Problem to work on: The expected result is the segment of the entries that begins with the line containing "suara ninja zx25r knalpot racing" and ends with the last line, copied verbatim.

Short web captions:
-*-*-

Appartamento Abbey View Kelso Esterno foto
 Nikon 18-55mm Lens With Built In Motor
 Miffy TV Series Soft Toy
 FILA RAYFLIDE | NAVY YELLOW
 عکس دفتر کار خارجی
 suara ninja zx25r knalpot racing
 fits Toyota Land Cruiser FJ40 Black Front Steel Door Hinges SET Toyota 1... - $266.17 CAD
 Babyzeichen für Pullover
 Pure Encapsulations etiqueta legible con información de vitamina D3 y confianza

-*-*-

Reply to the exercise:
 suara ninja zx25r knalpot racing
 fits Toyota Land Cruiser FJ40 Black Front Steel Door Hinges SET Toyota 1... - $266.17 CAD
 Babyzeichen für Pullover
 Pure Encapsulations etiqueta legible con información de vitamina D3 y confianza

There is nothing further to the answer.